その手の中にあるのは亡き妻お三津が最期に着ていた着物。
あの時、自分が止めていたら…
自分が代わりに行けば…
後悔は止め処なく押し寄せる。
その時だった。
ぴとっと首に当てられたのは冷たい金属の感触。
背後には何者かの気配。音もなく現れたその人物に心臓が煩い。
「ほの花と善子、雛鶴と正宗はどうした。完結に答えろ。問い返すことは許さない。」
それはクナイを片手に楼主に詰め寄る宇髄だ。
その目は怒りに満ちている。
──ドクンドクンドクン
大きく拍動しているその楼主の鼓動は耳のいい宇髄には煩いほどに聴こえていることだろう。
楼主は震える唇を何とか動かして喉を鳴らした。
「…ほの花…と、善子は、と、突然消えた…。雛鶴は病気になって…切見世に…ま、正宗も付き添って行った。」
その言葉は震えているが、嘘はないように思える。
震える体と浅い呼吸。戦慄く唇。
それは死を感じた人間がその直前に見せる防衛反応。
(…この男は信用できる)
数秒でそう判断した宇髄は言葉を続けた。
「心当たりのあることを全て話せ。怪しいのは誰だ?」
しかし、宇髄がこの男の言葉をいくら信用しようと、突然現れて命を狙ってきた男をそう簡単に信用できるわけがない。

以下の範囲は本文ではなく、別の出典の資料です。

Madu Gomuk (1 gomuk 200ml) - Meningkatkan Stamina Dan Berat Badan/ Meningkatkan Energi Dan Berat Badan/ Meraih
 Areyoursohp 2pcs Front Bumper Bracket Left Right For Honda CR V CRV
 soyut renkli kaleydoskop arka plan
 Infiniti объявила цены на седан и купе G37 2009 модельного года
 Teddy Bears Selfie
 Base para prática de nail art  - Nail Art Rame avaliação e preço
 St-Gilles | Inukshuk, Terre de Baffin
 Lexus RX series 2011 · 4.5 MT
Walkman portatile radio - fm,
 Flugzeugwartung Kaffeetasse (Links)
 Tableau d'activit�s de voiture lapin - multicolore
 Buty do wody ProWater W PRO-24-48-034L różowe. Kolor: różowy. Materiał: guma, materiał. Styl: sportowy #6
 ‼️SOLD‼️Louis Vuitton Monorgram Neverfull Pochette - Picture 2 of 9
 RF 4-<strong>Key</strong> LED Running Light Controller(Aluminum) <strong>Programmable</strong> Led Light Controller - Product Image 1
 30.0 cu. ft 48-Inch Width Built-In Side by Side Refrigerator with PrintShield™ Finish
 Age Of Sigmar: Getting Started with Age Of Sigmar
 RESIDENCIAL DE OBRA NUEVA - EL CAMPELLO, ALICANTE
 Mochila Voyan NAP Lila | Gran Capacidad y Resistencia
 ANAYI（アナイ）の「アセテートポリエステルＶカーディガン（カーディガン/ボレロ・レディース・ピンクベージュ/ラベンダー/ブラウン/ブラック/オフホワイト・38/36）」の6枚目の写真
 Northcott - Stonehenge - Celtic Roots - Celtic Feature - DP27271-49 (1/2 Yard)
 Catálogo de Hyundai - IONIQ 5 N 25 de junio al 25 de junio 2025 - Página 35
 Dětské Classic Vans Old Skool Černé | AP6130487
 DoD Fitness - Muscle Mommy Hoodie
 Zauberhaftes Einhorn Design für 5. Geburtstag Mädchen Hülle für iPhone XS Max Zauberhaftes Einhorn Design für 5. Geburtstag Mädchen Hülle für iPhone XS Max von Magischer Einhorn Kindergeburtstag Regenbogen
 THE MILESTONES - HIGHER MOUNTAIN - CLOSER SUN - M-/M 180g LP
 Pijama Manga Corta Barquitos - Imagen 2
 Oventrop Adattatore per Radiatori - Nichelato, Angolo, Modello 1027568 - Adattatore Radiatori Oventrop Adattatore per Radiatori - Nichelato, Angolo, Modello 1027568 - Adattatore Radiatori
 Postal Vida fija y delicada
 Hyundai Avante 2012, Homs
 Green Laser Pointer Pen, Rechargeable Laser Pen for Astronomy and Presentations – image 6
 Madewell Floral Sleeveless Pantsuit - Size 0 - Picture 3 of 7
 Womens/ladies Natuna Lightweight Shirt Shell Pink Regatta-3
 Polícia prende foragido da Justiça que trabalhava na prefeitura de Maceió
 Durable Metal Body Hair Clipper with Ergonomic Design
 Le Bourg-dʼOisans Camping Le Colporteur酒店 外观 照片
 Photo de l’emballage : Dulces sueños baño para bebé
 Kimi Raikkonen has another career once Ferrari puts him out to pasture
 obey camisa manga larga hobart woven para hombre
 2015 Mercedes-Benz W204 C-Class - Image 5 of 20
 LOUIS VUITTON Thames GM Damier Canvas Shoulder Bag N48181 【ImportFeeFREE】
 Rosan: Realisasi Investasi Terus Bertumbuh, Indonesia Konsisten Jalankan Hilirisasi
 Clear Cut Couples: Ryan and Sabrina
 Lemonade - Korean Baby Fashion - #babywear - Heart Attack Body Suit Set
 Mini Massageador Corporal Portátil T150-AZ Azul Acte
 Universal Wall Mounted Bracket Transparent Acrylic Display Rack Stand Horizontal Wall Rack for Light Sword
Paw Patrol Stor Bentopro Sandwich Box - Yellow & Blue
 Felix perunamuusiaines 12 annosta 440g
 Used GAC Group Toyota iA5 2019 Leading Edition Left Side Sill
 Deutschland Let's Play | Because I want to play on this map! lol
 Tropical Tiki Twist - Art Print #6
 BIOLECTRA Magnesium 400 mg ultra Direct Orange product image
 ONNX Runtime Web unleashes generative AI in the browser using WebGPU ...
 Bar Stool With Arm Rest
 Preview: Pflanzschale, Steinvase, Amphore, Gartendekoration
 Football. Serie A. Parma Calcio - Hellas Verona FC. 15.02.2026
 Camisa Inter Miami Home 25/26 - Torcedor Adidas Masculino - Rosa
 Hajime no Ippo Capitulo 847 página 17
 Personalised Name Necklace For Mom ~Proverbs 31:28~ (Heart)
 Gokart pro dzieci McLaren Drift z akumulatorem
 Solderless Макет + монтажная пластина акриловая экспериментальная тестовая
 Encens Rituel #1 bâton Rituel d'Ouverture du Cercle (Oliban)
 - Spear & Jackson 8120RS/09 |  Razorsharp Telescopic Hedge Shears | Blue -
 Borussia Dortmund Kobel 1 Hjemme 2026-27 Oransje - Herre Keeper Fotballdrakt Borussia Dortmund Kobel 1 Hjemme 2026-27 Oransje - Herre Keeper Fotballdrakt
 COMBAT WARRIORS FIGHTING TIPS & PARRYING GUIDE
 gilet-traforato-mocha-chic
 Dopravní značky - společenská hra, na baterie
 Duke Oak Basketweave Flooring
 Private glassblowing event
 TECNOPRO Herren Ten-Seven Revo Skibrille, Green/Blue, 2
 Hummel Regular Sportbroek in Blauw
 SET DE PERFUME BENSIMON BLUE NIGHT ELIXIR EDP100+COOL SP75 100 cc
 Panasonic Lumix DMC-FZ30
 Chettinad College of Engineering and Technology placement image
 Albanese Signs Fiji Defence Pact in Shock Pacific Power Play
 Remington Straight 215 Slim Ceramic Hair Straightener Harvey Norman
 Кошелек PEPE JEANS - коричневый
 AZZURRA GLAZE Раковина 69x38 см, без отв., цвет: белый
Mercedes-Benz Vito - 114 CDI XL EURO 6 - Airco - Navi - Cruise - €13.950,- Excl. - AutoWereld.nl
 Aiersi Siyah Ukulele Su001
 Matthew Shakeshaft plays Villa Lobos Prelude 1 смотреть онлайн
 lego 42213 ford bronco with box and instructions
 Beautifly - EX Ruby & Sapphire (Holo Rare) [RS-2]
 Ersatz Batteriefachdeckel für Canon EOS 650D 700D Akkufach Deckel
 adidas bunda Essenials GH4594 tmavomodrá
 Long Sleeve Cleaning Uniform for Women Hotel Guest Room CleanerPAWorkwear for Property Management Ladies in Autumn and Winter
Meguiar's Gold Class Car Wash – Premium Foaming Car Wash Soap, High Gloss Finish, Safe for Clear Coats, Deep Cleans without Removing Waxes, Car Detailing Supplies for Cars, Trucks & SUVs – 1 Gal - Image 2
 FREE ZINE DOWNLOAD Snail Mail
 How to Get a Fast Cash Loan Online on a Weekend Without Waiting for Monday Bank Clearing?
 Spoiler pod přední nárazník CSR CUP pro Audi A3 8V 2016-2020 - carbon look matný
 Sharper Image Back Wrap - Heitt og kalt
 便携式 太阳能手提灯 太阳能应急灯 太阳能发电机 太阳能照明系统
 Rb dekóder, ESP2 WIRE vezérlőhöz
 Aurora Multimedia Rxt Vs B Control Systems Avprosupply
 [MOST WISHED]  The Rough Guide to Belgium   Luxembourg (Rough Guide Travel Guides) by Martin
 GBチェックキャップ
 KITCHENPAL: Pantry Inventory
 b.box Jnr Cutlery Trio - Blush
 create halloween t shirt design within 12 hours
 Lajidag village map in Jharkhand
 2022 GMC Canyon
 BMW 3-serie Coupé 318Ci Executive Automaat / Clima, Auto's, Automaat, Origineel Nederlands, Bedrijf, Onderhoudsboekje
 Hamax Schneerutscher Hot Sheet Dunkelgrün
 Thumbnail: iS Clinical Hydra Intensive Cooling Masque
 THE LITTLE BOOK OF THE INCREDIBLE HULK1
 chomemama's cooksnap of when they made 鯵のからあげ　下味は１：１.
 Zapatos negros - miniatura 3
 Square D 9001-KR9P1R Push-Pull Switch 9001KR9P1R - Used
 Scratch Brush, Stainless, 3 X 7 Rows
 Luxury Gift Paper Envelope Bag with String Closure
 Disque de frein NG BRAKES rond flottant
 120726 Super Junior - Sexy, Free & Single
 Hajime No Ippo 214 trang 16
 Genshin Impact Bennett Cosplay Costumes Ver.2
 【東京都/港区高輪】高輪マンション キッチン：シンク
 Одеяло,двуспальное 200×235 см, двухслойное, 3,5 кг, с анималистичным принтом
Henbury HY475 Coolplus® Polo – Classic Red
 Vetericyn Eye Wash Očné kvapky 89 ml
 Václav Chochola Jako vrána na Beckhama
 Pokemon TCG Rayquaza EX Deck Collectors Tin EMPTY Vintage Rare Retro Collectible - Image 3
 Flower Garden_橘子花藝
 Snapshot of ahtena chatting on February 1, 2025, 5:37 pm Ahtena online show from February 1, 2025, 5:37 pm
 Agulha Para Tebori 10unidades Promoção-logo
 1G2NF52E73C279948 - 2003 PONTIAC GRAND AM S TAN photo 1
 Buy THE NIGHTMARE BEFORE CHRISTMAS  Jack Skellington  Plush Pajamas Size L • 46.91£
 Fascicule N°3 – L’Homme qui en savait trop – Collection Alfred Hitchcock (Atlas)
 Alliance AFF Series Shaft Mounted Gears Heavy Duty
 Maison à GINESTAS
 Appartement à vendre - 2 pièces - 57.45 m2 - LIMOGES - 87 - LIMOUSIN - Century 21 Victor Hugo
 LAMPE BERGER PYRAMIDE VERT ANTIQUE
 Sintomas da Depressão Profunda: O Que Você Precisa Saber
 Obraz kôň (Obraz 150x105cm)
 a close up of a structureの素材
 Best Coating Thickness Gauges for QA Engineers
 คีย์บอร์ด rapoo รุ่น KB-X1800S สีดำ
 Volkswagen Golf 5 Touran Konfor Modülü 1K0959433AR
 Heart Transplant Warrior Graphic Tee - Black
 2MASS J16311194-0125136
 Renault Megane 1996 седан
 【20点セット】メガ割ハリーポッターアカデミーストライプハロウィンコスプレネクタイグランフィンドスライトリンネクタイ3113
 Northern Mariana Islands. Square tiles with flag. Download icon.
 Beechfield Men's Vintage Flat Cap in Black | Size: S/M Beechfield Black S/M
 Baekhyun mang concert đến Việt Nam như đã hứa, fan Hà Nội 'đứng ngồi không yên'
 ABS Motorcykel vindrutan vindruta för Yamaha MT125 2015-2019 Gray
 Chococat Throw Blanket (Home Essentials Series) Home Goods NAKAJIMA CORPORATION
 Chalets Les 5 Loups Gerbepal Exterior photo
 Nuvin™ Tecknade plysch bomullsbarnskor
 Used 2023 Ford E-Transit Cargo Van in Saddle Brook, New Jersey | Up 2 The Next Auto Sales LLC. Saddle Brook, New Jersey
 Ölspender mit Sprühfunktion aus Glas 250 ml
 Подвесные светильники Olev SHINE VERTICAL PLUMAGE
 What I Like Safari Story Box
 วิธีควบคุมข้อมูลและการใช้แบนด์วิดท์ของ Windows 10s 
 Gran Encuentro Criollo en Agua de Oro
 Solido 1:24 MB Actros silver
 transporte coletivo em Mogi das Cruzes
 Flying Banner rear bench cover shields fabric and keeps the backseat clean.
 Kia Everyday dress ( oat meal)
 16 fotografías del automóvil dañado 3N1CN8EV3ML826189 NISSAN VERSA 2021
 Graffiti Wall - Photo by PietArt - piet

ハァ、ハァ、ハァ…と浅い呼吸を繰り返している楼主の頭の中には嫌な予感も過ぎる。
本当のことを言ったらこのまま自分も殺されるのではないか。
そんな人間の心理は当然のこと。宇髄もそれを知り得ている。
「信用して言え。そいつは必ず俺が殺す。仇を討ってやる。」
その瞬間、楼主の頭に浮かんだのは亡くなったお三津のこと。
どうせ死ぬならば宇髄に託してみるのもいいかもしれない。
「蕨姫という花魁だ。日の当たらない北側の部屋にいる…」
恐怖を乗り越えてそう伝えたが、楼主が宇髄の気配がなくなったと感じた時には既にそこには誰もいなかった。
その瞬間、座っていられなくて両手を畳の上につき、大きく息を吐いた。